||Verbal irony has been a topic of study for several decades and conclusive answers to what it is and how language users correctly understand each other’s ironic expressions are difficult to provide. Saying the opposite of what you actually mean does not seem the most effective way of communicating at first sight, but it has proven to be used over and over again without much misunderstanding. Several theories have been proposed in the past few decades that try to explain the concept of verbal irony (among others Grice 1975; Wilson & Sperber 1992; Giora 1997; Tobin & Israel 2012). Most theories on verbal irony share the idea that irony is best defined as an utterance with a literal evaluation that is implicitly opposite to its intended evaluation (Burgers & Van Mulken 2013: 184).
According to Giora and others (see for example Giora, Drucker & Fein 2014), constructions (form-meaning pairs) can even be interpreted ironically by default, when the interpretation that springs to mind first is the ironic interpretation, whether presented in isolation or in a context biasing towards that ironic interpretation. This claim is based solely on experimental research with constructed examples (among others Giora et al. 2015; Giora, Givoni & Fein 2015; Giora et al. 2018). However, to support the claim of default ironic interpretation actual language data should be involved, but such corpus studies on ironic constructions are rare. This study builds on two previous studies investigating Dutch ironic constructions on Twitter (Walles 2016; Stevens 2018), and it extends the scope to ironic constructions in English. By comparing three corpora each containing 2,000 tweets with one of the three hashtags #irony, #not, and #sarcasm with a corpus containing 15,000 general English tweets, 30 words and 22 phrases appeared to occur significantly more often in the ironic tweets. These words and phrases were used to compile a new corpus, containing one hundred tweets for each word or phrase. An analysis of the tweets showed that only four were used ironically significantly more often, namely 'classy', 'I’m shocked', 'what a surprise', and 'yeah right'.
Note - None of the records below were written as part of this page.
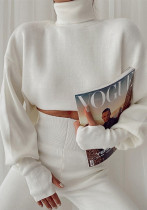 Pull à col roulé en tricot de couleur unie à la mode pour femmes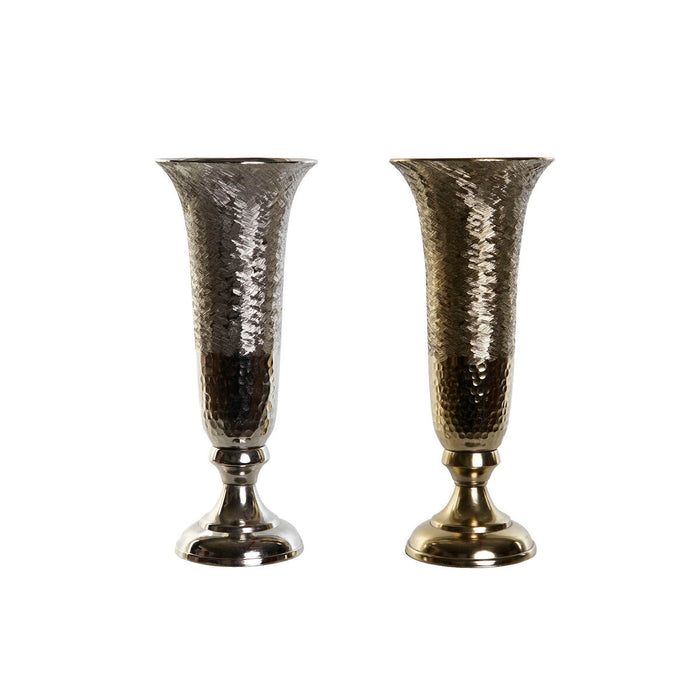 Vase DKD Home Decor Gylden Sølvfarvet Aluminium 13 x 13 x 33 cm (2 enheder)
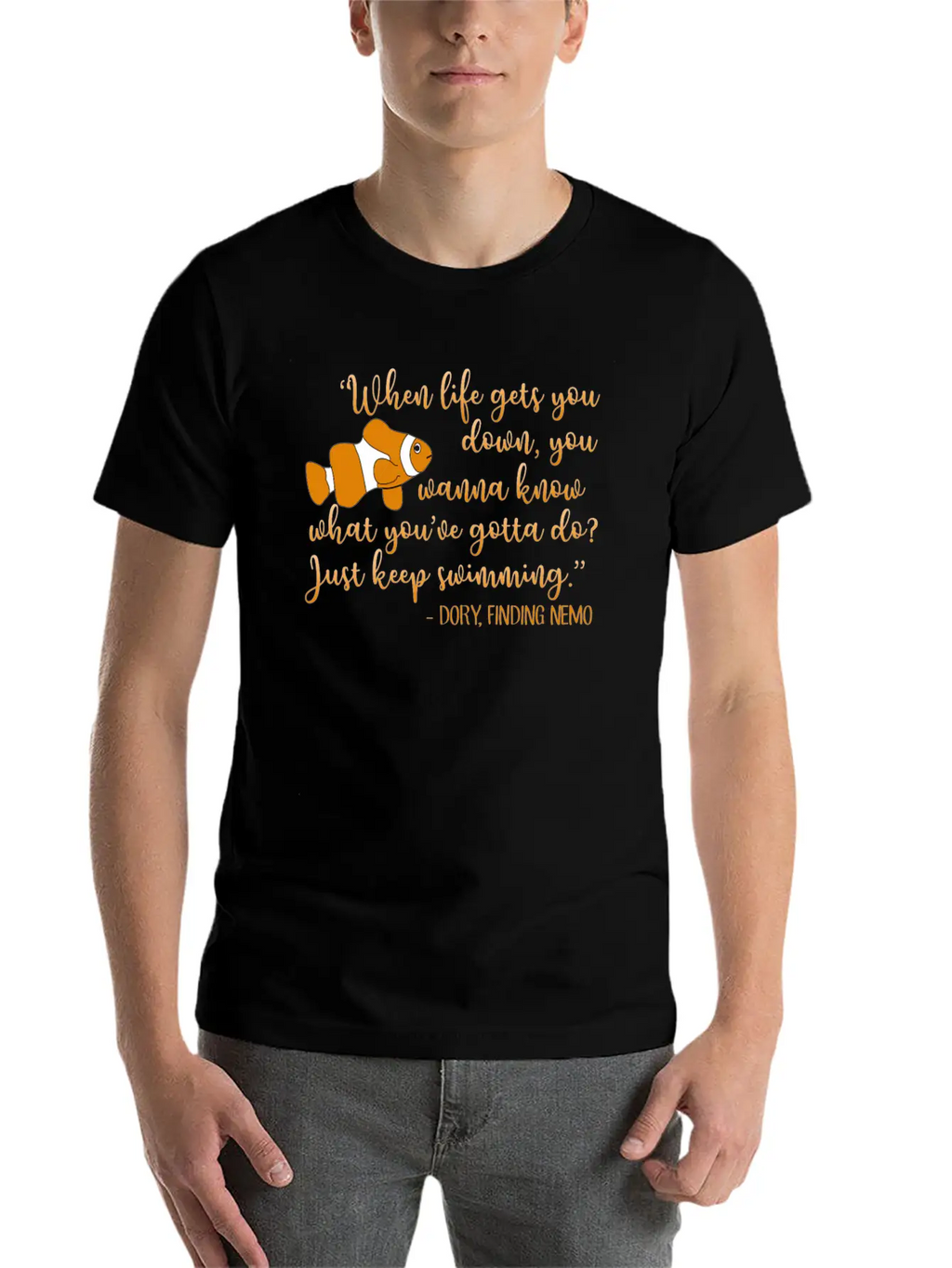 When Life Gets You Down - Nemo Dory Swimming Down Unisex Casual T-Shirt – Clean Design For Daily Comfort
Exploring the ironic meaning of these four constructions from a constructionist point of view is fruitful, since their ironic meaning can be better understood as these constructions are considered as one unit to which the ironic meaning is assigned. These constructions underwent subjectification: its ironic evaluation has become part of the conventional meaning of the construction and the usage of the construction is expanded to a wider range of communicative contexts in which it conveys an ironic attitude (Verhagen 2000). This gradual conventionalization of the ironic evaluation explains why certain constructions are used more frequently with an ironic intent than others: those constructions have progressed further in the conventionalization process and the ironic meaning has become more closely attached to the construction (Claridge 2011). Nevertheless, the four ironic constructions in the Twitter corpus could not be classified as default ironic constructions, as there are still cases in which they are used literally. The notion of default ironic interpretation is problematic, as the analysis of actual language data do not support the view that one particular construction is always and only used ironically.